Notice: This fireplace mantel will be available for viewing at our premises starting from December 15, 2025.
Let’s imagine that one of the thousand architects working for the Ferrero family (the richest in Italy) is looking for a fireplace for one of their thousand villas, and that it should meet the following criteria:
A) Big, powerful, about a metre and a half wide…
B) With strong yet soft lines, almost sensual, you know?
C) Fairly deep, to look more proportionate…
D) Carved in a refined and absolutely precious marble (PORTORO MARBLE IS THE MOST PRECIOUS IN THE WORLD)…
E) Oh, I almost forgot — WITH GOLD-COLOURED VEINING…
F) And of course: Absolutely complete with its original fireback, ABSOLUTELY GOLDEN AS WELL — WHICH, COINCIDENTALLY, IS MY CLIENTS’ FAVOURITE COLOUR...
G) Naturally, considering the importance of the client, the fireplace must be PERFECT...
Well, tell me — with all these demands, where else could this Nutella-loving architect possibly find such a BIJOU if not at Artis?! (Yes, I’m being cheeky and a little presumptuous — truth is, a fireplace like this comes through here only once in a blue moon.
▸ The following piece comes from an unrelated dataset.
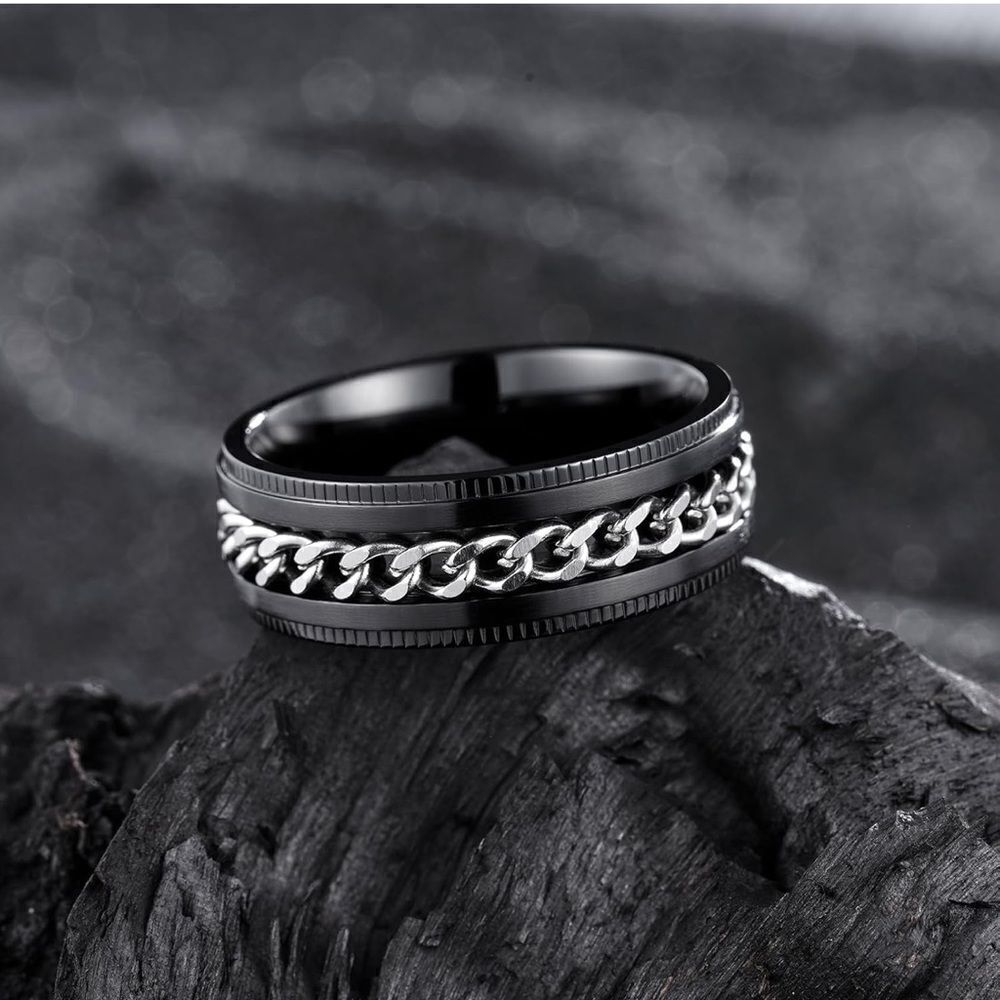 Men's Black and Silver Chain Ring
But this time, the stars aligned, and I hope you’ll forgive me for using it to show off the great variety we offer in our warehouse.)
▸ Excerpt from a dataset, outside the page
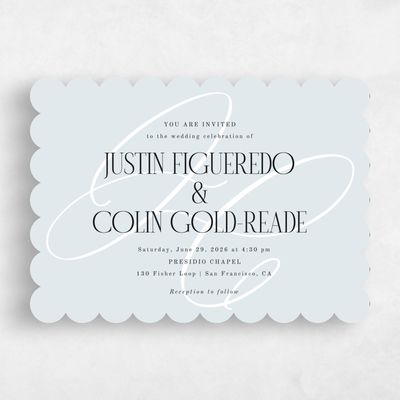 Blue Scalloped Wedding Invitation - Ferrara Landscape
Well then, if such an architect were to come my way with these requests, I’d answer like this:
“Would you believe it, dear architect — just two or three days ago, we completed the ‘maquillage’ on a stunning Louis XIV fireplace IN PERFECT CONDITION, CARVED IN THE ULTRA-PRECIOUS PORTORO MARBLE (THE QUARRY HAS BEEN EXHAUSTED FOR 50 YEARS NOW) AND — AS IF BY FATE — COMPLETE WITH A FIREBACK IN A CHARMING, GOLDEN... BRASS SHEET!!!”
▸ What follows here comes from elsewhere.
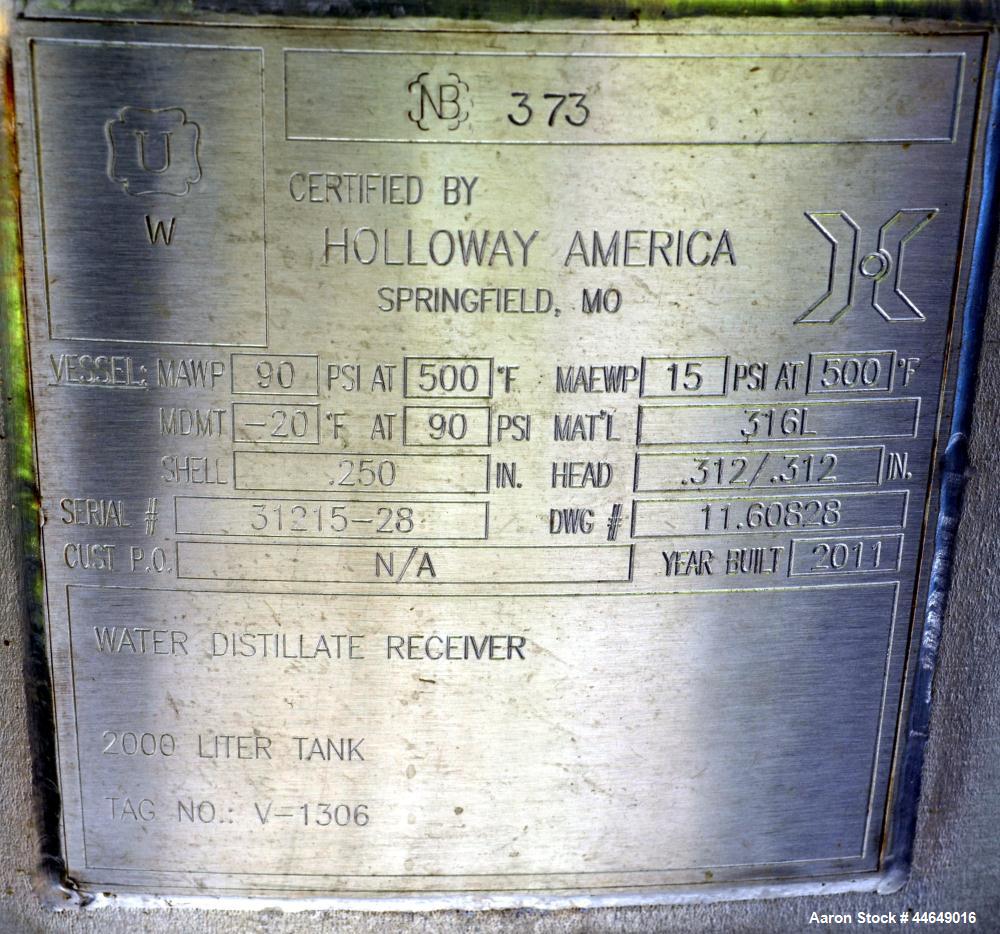 Unused- Holloway America Pressure Tank, 625 Gallon, 316L Stainless Steel, Vertical. Approximate 48" diameter x 78" straight side, dished top and bottom. Internal rated 90 psi at -20 to 500 degrees F....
Let me close this commentary with something I care deeply about and have never written on the site.
You should know that many clients think a brass fireback is less valuable than a cast iron one. It’s not so. A cast iron fireback is the result of a “quick” mould casting, while a brass fireback required days of precise labour — hammering brass sheets with wooden mallets over an anvil, periodically heating the brass in a charcoal forge to soften it.
All of the shaping was done gradually over days and days, with care and the kind of expertise only “old-school” blacksmiths had.
ITS ORIGIN DATES BACK TO BETWEEN 1840 AND 1860, AND ITS CONDITION IS FLAWLESS.